Ask the same questions of Islam (i.e., Muhammad, his companions and successors and the earliest generations of followers) and you’ll get, I think, a ‘Yes’ across the board (with non-violent exceptions proving the rule). Muhammad resorted to violence. He wasn’t, arguably, non-violent in an exemplary way, i.e., only violent in extremely rare and unique situations that establish a more normative and widespread non-violent rule. On the contrary, violence accompanies Islam’s formative persons and history. Indeed, it’s difficult to imagine Islam’s survival apart from violence. Even Gandhi, in his great admiration for Muhammad, can only claim that the sword wasn’t the fundamental draw or appeal that explains Islam’s expansion. But the sword is there. This is not to suggest Muhammad wasn’t an admirable social and religious reformer in many very important ways. It’s simply to base our answer to Greg’s question on the relevant evidence about how violence relates (or doesn’t relate) to Muhammad’s worldview and the faith he shaped. And here there’s simply no comparison between Christianity and Islam on the question of violence viewed from observing the normative persons and formative histories involved. My point is that these persons and this history ought to be taken into account when attempting to describe what a world-faith inherently is, and Greg completely ignores this.
To the extent that Jesus functions as the paradigmatic Christian, the definitive-normative example of the faith which Christianity is, then Christianity is inherently non-violent. In fact, it’s precisely this normative-definitive role of Christ’s example that Greg elsewhere argues ought to be the measure against which we admit as valid or dismiss as perverse the individual or institutional behaviors of people who claim to be Christian.
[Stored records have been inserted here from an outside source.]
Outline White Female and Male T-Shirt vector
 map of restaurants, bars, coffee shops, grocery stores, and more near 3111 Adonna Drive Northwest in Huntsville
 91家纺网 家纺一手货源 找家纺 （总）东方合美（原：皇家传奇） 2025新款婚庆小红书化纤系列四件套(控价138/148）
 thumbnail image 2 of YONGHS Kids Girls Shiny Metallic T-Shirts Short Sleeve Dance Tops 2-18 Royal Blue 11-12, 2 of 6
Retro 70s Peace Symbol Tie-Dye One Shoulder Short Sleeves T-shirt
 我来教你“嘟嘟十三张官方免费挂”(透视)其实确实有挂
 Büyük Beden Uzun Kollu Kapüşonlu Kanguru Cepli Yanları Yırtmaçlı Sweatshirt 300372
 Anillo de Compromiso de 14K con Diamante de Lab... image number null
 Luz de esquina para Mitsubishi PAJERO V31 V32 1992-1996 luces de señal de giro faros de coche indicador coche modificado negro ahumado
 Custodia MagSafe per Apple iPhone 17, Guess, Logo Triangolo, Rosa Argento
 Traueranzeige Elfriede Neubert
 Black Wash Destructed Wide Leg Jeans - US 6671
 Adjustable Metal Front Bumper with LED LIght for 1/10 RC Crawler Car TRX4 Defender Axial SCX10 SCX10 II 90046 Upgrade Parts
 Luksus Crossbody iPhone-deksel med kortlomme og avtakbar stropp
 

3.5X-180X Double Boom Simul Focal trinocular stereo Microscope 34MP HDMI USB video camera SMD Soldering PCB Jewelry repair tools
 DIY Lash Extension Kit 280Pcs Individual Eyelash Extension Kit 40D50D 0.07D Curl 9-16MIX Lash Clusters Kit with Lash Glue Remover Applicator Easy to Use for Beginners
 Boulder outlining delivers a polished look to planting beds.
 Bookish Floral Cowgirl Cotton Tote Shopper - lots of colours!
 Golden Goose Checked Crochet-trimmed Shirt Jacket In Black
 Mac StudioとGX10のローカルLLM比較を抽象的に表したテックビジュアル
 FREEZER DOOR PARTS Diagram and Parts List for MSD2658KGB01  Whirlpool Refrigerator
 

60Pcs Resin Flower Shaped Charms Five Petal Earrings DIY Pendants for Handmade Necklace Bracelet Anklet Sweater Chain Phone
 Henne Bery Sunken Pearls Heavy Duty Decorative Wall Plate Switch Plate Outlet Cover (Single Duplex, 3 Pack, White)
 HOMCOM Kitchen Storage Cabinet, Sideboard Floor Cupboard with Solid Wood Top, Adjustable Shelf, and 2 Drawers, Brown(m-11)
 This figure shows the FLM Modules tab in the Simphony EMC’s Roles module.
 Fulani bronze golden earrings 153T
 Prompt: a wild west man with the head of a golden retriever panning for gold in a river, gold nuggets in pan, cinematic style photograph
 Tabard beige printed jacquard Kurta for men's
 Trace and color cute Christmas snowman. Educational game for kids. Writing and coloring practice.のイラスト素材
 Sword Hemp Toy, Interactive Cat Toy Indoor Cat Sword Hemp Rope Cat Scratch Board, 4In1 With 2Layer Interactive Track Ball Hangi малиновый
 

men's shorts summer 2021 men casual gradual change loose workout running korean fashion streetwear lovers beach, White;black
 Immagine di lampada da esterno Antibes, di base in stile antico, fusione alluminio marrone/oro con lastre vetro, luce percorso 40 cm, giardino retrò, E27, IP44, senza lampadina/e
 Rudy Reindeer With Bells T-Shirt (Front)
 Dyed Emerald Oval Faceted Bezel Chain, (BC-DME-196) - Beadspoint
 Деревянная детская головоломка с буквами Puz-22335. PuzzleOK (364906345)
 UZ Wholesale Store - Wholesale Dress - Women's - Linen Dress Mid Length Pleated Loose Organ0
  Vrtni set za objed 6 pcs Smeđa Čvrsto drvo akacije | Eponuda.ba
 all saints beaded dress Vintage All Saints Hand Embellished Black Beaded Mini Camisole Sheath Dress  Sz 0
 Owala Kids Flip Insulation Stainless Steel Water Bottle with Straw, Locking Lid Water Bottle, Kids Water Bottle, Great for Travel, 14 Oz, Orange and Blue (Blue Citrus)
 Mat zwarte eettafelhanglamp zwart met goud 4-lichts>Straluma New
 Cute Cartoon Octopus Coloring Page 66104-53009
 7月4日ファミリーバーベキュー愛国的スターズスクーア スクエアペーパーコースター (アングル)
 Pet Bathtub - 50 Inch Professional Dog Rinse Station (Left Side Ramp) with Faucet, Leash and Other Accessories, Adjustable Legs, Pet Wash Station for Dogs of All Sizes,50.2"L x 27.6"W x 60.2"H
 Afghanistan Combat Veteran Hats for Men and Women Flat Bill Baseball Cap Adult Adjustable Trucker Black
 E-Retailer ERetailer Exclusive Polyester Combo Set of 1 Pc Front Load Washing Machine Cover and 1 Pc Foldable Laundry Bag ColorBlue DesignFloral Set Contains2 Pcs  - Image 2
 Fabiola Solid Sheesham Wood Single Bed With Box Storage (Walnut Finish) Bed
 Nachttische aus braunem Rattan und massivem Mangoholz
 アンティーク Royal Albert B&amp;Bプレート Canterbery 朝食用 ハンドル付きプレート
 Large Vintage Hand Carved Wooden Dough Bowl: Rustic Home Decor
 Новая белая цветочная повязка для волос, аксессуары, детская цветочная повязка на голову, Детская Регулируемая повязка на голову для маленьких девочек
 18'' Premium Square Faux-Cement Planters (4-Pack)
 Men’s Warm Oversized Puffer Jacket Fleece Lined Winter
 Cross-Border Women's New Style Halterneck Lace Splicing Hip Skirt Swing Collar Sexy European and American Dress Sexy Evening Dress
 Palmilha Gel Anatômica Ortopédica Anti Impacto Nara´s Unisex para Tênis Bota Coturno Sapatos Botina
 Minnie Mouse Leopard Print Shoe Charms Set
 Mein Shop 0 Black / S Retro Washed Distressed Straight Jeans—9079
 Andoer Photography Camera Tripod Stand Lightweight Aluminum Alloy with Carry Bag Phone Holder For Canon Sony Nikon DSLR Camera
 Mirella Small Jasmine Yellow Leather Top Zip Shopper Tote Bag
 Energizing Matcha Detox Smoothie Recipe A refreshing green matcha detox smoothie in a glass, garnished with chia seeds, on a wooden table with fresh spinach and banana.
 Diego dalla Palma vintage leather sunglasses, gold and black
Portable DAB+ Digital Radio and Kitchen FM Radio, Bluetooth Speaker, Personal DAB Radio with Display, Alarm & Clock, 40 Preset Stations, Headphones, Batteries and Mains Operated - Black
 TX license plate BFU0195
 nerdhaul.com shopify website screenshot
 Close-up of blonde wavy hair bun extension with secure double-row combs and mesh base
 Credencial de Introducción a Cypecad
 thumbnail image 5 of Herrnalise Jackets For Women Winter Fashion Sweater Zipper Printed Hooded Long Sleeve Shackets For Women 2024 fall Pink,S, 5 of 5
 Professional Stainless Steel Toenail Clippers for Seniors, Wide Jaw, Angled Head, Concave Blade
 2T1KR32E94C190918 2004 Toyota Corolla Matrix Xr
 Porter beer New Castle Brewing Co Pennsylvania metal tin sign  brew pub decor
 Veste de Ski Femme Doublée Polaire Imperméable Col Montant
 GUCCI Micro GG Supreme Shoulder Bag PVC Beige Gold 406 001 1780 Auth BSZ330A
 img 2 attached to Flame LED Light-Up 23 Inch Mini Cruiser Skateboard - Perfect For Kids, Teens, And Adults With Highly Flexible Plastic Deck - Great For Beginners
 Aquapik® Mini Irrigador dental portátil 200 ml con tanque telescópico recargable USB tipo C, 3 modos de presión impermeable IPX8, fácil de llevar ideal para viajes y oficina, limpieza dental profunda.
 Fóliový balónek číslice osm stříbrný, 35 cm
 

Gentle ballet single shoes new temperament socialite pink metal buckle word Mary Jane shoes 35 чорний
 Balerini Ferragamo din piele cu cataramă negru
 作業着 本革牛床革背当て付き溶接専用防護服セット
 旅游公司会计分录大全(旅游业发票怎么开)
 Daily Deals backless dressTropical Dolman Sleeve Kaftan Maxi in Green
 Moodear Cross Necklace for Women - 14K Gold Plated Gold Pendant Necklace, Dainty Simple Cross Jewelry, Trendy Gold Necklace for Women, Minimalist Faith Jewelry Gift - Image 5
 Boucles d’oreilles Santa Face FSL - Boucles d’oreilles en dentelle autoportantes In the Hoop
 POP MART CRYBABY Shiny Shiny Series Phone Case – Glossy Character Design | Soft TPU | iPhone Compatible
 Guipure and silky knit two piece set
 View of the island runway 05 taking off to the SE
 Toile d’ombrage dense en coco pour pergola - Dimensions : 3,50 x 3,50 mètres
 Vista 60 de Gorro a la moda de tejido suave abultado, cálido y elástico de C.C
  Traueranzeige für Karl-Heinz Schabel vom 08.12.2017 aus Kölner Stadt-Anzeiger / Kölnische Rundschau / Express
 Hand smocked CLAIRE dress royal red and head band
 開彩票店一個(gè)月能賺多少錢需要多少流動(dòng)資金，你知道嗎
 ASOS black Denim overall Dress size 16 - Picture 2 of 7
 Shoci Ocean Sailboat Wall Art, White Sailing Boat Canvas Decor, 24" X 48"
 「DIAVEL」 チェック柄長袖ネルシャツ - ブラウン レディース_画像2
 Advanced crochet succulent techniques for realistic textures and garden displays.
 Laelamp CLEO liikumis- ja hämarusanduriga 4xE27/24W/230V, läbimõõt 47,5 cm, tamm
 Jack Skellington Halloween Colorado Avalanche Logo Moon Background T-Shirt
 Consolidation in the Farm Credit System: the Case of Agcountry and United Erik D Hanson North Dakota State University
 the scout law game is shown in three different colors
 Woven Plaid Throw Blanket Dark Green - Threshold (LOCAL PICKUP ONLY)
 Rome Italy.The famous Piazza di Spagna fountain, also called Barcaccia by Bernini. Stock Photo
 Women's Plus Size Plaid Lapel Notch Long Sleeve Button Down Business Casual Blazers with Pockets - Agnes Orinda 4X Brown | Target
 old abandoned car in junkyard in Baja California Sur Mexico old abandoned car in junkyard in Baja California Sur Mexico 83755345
However, the normative examples in the case of Islam with respect to violence (i.e., Muhammad and his successors) simply don’t support a view of Islam as not inherently—what’s the word?—accessible to violence, expressible by violence, or compatible with violence. I don’t want to say “inherently violent” without qualification because that may suggest all Muslims must be violent to be faithful Muslims (although this is, arguably, the Orthodox Muslim view where the defense and survival of the Ummah are concerned). What I’m suggesting is that violence is inseparable from the paradigmatic, normative examples of Islam as embodied authoritatively in Muhammad’s life as قدوة (“qidwa” = “paradigm/example”) and exemplified in his successors and the earliest generations of Muslims.
I’m happy to concede that “inherently violent” is an unhelpful way to describe what it is about violence in the case of Muhammad and the worldview that holds him to be the definitive, normative Muslim that differentiates him from Jesus and the worldview that holds him to be the definitive, normative Christian. But from where I sit (after living in the Middle East for roughly half my life), I wouldn’t at all view violence in Islam (as defined by Muhammad) as comparably equivalent to violence in Christianity (as defined by Christ), which is precisely the kind of comparison Greg makes, i.e., Islam and Christianity as compared throughout their histories in the behavior of Christians and Muslims are equally violent and equally non-violent, which leads Greg to answer the question ‘Is Islam inherently violent?’ with ‘No’. But it’s not at all that simple. My point is that the founding persons (Jesus and Muhammad), their successors (the Apostles of Christ and the Caliphs and Companions of the Prophet), and the earliest generations of followers ought to be what we examine in attempting to say what Christianity and Islam inherently are. Perhaps the question we ought to be asking is:
- Would Islam as practiced by Muhammad and the earliest Muslims make the world a more peaceful place to live or not?
And the same question can be put to Christians:
- Would Christianity as practiced by Jesus and his earliest followers make the world a more peaceful place or not?